It’s only been one game, but so far, those two, along with quarterback Eli Manning have not had the opportunity to make the kind of impact the Giants envisioned.
The question, though is why? Is it scheme? Luck? What the opponent is doing?
Head coach Ben McAdoo attempted to shed some light on the question for each player starting with Marshall, who was not targeted in the game until late in the second quarter and who ended up with just one reception out of four pass targets for 10 yards.
“I think it was a product of a lot of things,” McAdoo said of Marshall’s rather lackluster Giants regular-season debut.
“There may have been times where you’re trying to get him the ball, but couldn’t get it to him for one reason or another. It could’ve been where he was lined up in the progression, based on the coverage we were seeing. It’s not just one factor, you can’t just point to one thing. It was a variety of things. We certainly want Brandon to get a touch earlier than he got a touch.”
Perhaps the most curious thing about how Marshall was—or in this case wasn’t used—was when the Giants made their only red zone trip. After driving down to the Cowboys 5-yard line, someone on the Giants—either McAdoo or Manning—called for a Paul Perkins run up the gut even though the Giants offensive line’s interior has struggled with consistently opening holes for the backs.
Perkins did manage to get one yard but from there, things went south for the offense. Manning was sacked by Cowboys defensive end Charles Tapper, the ball being pushed back to the Cowboys’ 13-yard line.
On their third down attempt, instead of trying to find the 6-5 Marshall, Manning inexplicably went to Roger Lewis, who finished with team-high 54 receiving yards what with Odell Beckham Jr. on the bench still nursing a sprained ankle. Lewis was stopped at the 7-yard line.
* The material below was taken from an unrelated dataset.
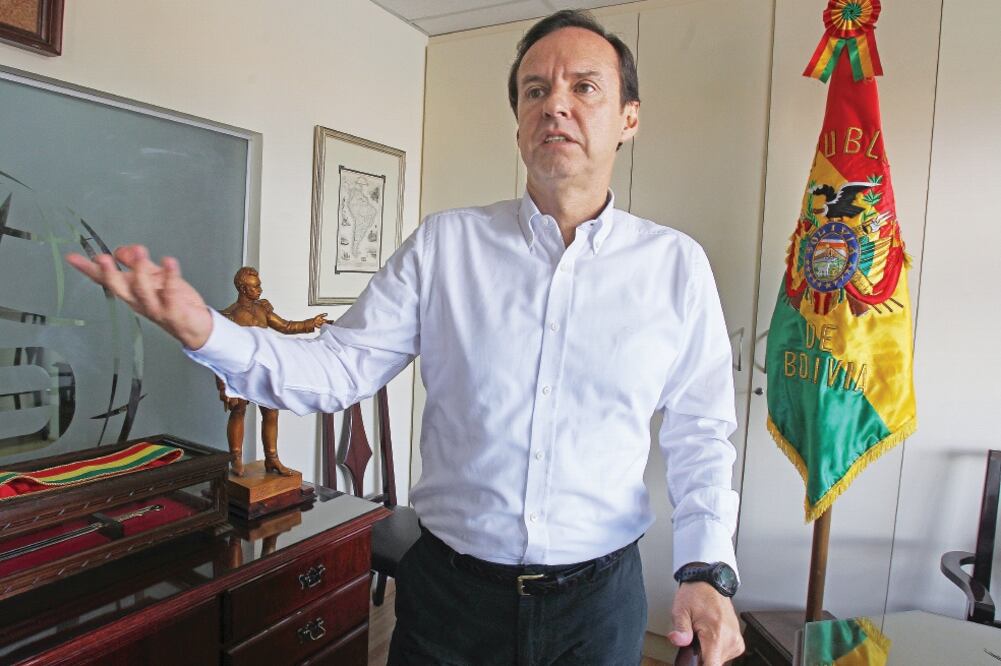 El ex presidente Jorge Quiroga criticó el referéndum, diciendo que los gobernantes deben aceptar dejar el poder ( MARTÍN ALIPAZ. EFE)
Engram was supposed to be one of the solutions the Giants deployed to discourage opposing defenses from constantly deploying Cover 2. Yet per Pro Football Focus, he played 60 percent of his snaps Sunday night (47 total) as the in-line tight end, where he tried to help with blocking.
Engram, who was moved around on offense—he was in the slot 30 percent of the time, was split out wide two percent of the time and spent the remaining two percent of his time in the backfield as an H-back, wasn’t targeted on any deep routes up the seam, even when Manning was afforded a rare clean pocket to step up in.
Why wasn’t Engram deployed up the seam after showing signs of being able to do so in the preseason?
“It wasn’t that simple,” McAdoo explained. “It wasn’t just cover two. There were a variety of coverages being played. There was a form of quarters, there was some sky weak being played, there was two being played as well, but yeah, it’s novice to say that it was just a bunch of cover two [Sunday].
“But they were playing soft and they were playing to keep the ball in front and to make you take completions and move the ball slow and methodically down the field.”
So, as McAdoo likes to say when he starts off his day-after conference call, where do they go from here?
They might want to start with the offensive line, the unit whose inconsistent play doesn’t always afford Manning a clean pocket to step into his throws, or allow the receivers and tight ends to get into their longer routes.
Per Pro Football Focus, Manning averaged 2.7 seconds to throw on 41 drop backs. He had less than 2.5 seconds to throw on 61 percent of his pass attempts.
McAdoo has preached the importance of patience with the offensive line and letting the unit get better with its technique.
If it hasn’t happened by now, then it’s certainly a legitimate concern to wonder if it will ever happen. And if it doesn’t, do the Giants have viable options to go in a different direction?
“We feel that we’re confident in the guys that we have and we’re confident in our depth and if we feel that we need to make a change there, we’ll make a change,” McAdoo said.